Was bedeutet den Hurlacher
Gemeinderäten und Ihnen persönlich dieser Partnerschaftsvertrag mit der
hiesigen Ortschaft?
Bürgermeister Böhm: Die Partnerschaft mit der Gemeinde Lützschena-Stahmeln
im Jahre 1993 einzugehen, war eine gute vorausschauende Entscheidung meines
Vorgängers Herrn Altbürgermeister Bernd v. Schnurbein. Mit dem Arbeitsbesuch
wollten wir die seit 15 Jahren bestehende Gemeindepartnerschaft mit dem Ort Lützschena-Stahmeln stärken. Die meisten Mitglieder im
neuen Gemeinderatsgremium kennen ihre Partnergemeinde noch nicht, deshalb ist
hier Informationsbedarf gegeben.
Insgesamt ist es für uns sehr
wichtig über das eigene Aufgabengebiet zu blicken. Wir wollen keine
Kirchturmpolitiker sein. Wir sehen die Verbindung als Bereicherung für unsere
Arbeit in unserer Kommune an. Gegenseitiger Austausch kommunalpolitischer
Themen fördert bei jeder Seite den Blick für das Ganze. Unsere beiden Gremien
Ortschaftsrat und Gemeinderat sind verpflichtet, für die Verbesserung der
Lebensqualität aller Einwohner einzutreten. Eine aktive einvernehmliche
Kommunalpolitik kann viel Positives für den Ort bewegen. Natürlich sind unsere
Möglichkeiten einer selbständigen Gemeinde umfangreicher, da die Bauleitplanung
und der Gemeindehaushalt voll in unseren Händen liegt und nicht von außen
bestimmt wird. Dennoch hat auch ein Ortschaftsrat durch das verankerte
Mitspracherecht Einfluss im Stadtrat. Kommunalpolitik ist Basisarbeit für alle
Bürger, die von der Politik auf Landes- und Bundesebene oft unterschätzt wird.
Jeder gewählte Abgeordnete sollte Erfahrungen aus kommunalpolitischen Gremien
aufweisen.
Auen-Kurier: Es
ist nicht Ihr erster Besuch in den neuen Bundesländern. Wie schätzen Sie, 18
Jahre nach der Wiedervereinigung der Deutschen aus West und Ost, die
vorgefundenen Fortschritte in der Neugestaltung von Lützschena/Stahmeln ein?
Bürgermeister Böhm: Ich bin der Meinung, dass eine kontinuierliche Weiterentwicklung auf
vielen Ebenen erkennbar ist, auch wenn in manchen Regionen noch unbestritten
strukturelle Probleme vorhanden sind.
In Lützschena-Stahmeln
hat es allen Mitreisenden gut gefallen.
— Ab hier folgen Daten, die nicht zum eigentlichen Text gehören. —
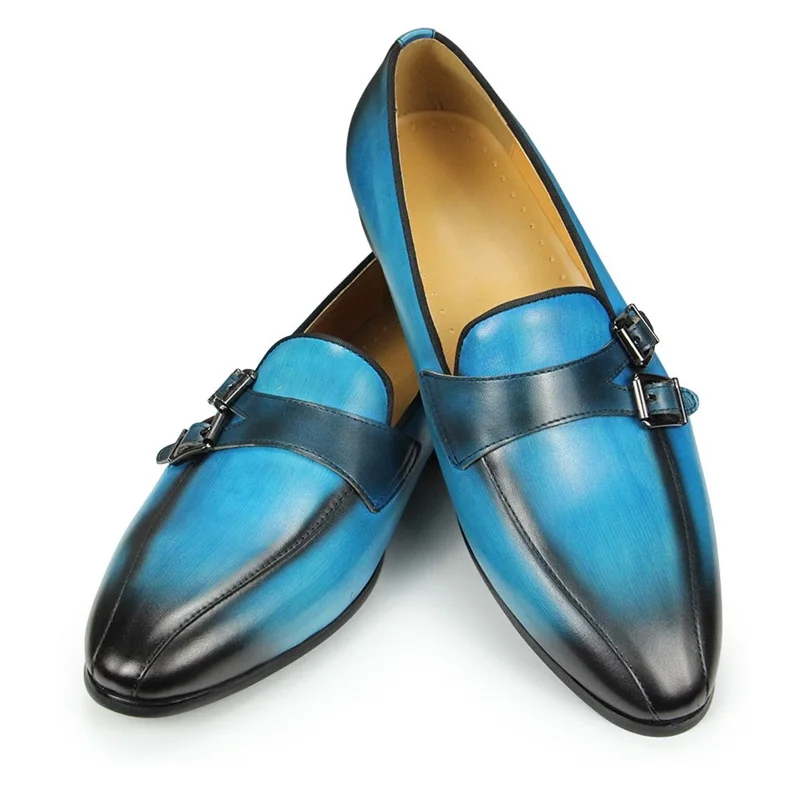 Summer One-step Loafers New Classic Style Fashion Men Penny Shoe Alligator Printing Vintage Handmade Party Wedding Casual Design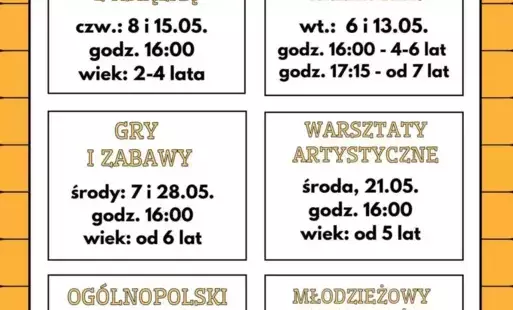 Plakat zajęcia 05.2024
Wir haben den Eindruck, dass hier
freundliche Menschen wohnen, die gerne hier leben und das Lebensumfeld mit
Fleiß gestalten. Das ist nicht viel anders als bei uns.
Die Ortschaft hat sich baulich
gut entwickelt. Baugrund zur Ansiedlung von Neubürgern und jungen Familien ist
vorhanden. Als Stadtteil von der Halbmillionenstadt Leipzig sind andere
Perspektiven möglich, gerade im Bereich der Gewerbeansiedlung, die
Arbeitsplätze bringen. Dennoch erkenne ich auch, dass durch die verlorene
Selbständigkeit die bürokratischen Wege für einzelne Umsetzungen verlängert und
erschwert wurden. Positiv sind die verbliebenen Einflussmöglichkeiten des
engagierten Ortschaftsrates durch das Anhörungsrecht im Stadtrat zu sehen. Uns
als selbständige Gemeinde fällt manche Umsetzung leichter, dafür stehen wir in
der Alleinverantwortung für die Entwicklung der Gemeinde.
Von dem gut ausgebauten
Flughafen und der Ansiedlung der Fa. Porsche bin ich ebenfalls beeindruckt,
weil dies auch in Zukunft für die nächste Generation Arbeitsplätze schafft, Die
vom Flughafen ausgehende hohe Frequenz der Nachtflüge für den Frachtverkehr der
DHL, hat uns überrascht. Einerseits ist die Beeinträchtigung der Lebensqualität
durch Fluglärm von Nachteil, andererseits bietet ein Flughafen auch
wirtschaftliche Chancen.
Auen-Kurier: Was
waren Ihre stärksten Eindrücke während des Arbeitsbesuches mit seinem
reichhaltigen Besuchsprogramm?
Bürgermeister Böhm: Wir haben uns in und um Lützshena-Stahmeln
sehr wohl gefühlt. Einige Gemeinderäte waren das erste Mal hier. Der Einsatz
des Ortschaftsrates für die Belange der Mitbürger ist aus meiner Sicht in Lützschena-Stahmeln überdurchschnittlich vorhanden. Dieses
ehrenamtliche Engagement kommt den Bürgerinnen und Bürgern vor Ort zugute.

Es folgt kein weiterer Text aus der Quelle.